- Directed by: Rex Ingram
- Written by: Rex Ingram (scenario)
- Starring: Wedgwood Nowell Yvette Mitchell Nicholas Dunaew
- Cinematography: Duke Hayward
- Production company: Universal Film Manufacturing Company
- Distributed by: Universal Film Manufacturing Company
- Release date: April 16, 1917;
- Running time: approximately 70 minutes
- Country: United States
- Languages: Silent English intertitles

= The Flower of Doom =

1917 film by Rex Ingram

The Flower of Doom is a 1917 American silent drama film written and directed by Rex Ingram and starring Wedgwood Nowell, Yvette Mitchell and Nicholas Dunaew.

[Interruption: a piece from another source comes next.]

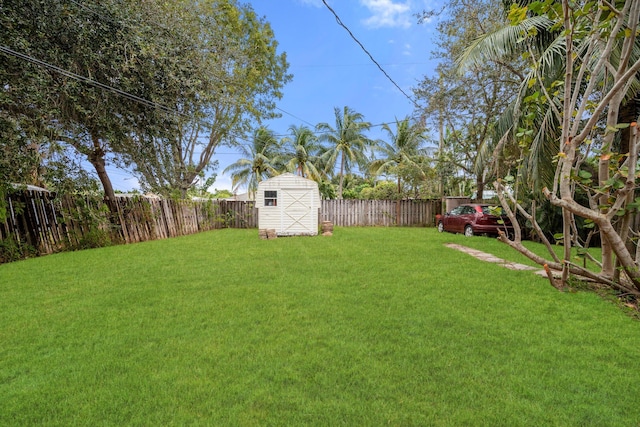 view of yard featuring a storage unit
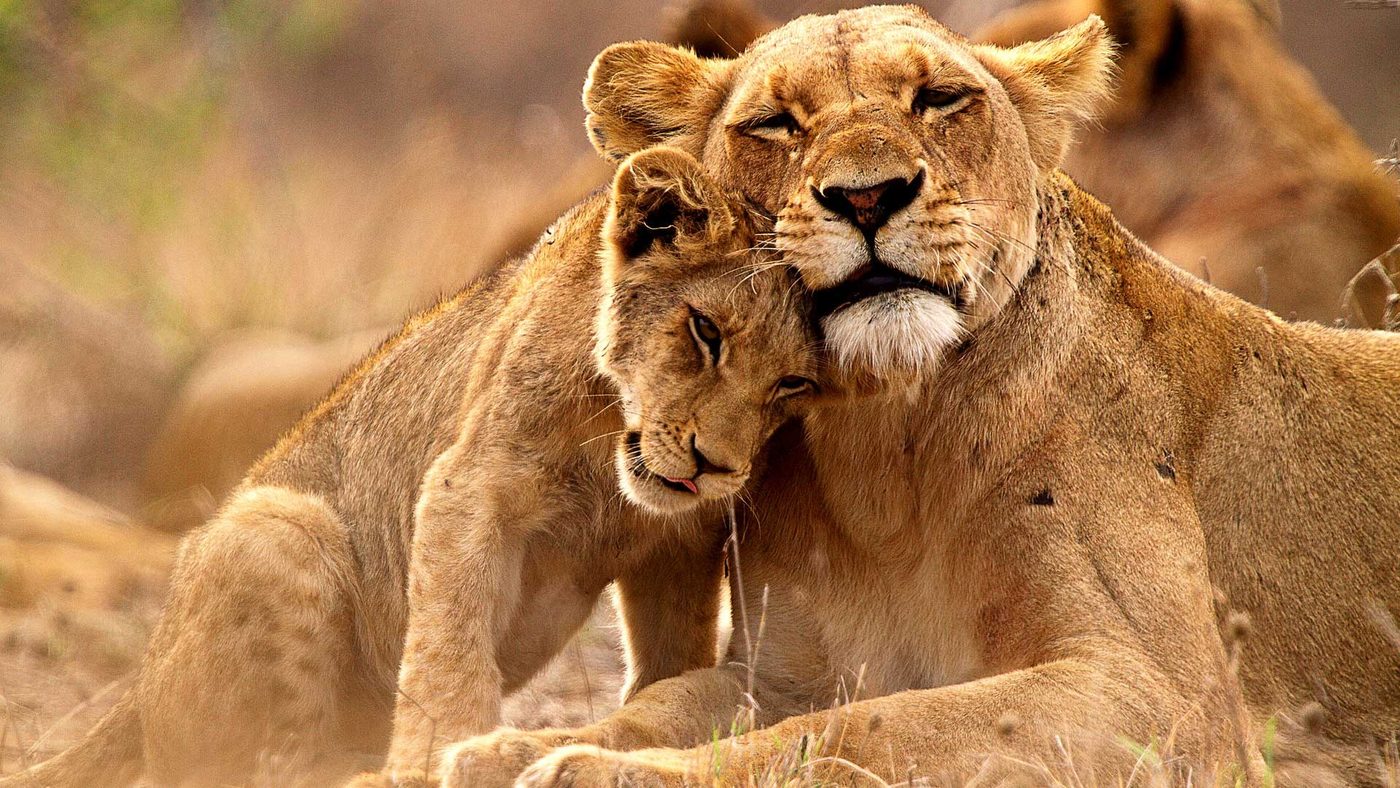 Two lionesses resting together near Satao Camp, spotted during a game drive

A reporter has to rescue a singer kidnapped in Chinatown.

==Cast==
- Wedgwood Nowell as Sam Savinsky
- Yvette Mitchell as Tea Rose
- Nicholas Dunaew as Paul Rasnov
- M. K. Wilson as Harvey Pearson
- Gypsy Hart as Neeva Sacon
- Tommy Morrissey as Buck
- Frank Tokunaga as Charley Sing
- Goro Kino as Ah Wong (as Gordo Keeno)
- Evelyn Selbie as Arn Fun

==Preservation status==
The film has been preserved from a 35mm nitrate print by George Eastman House and the UCLA Film & Television Archive.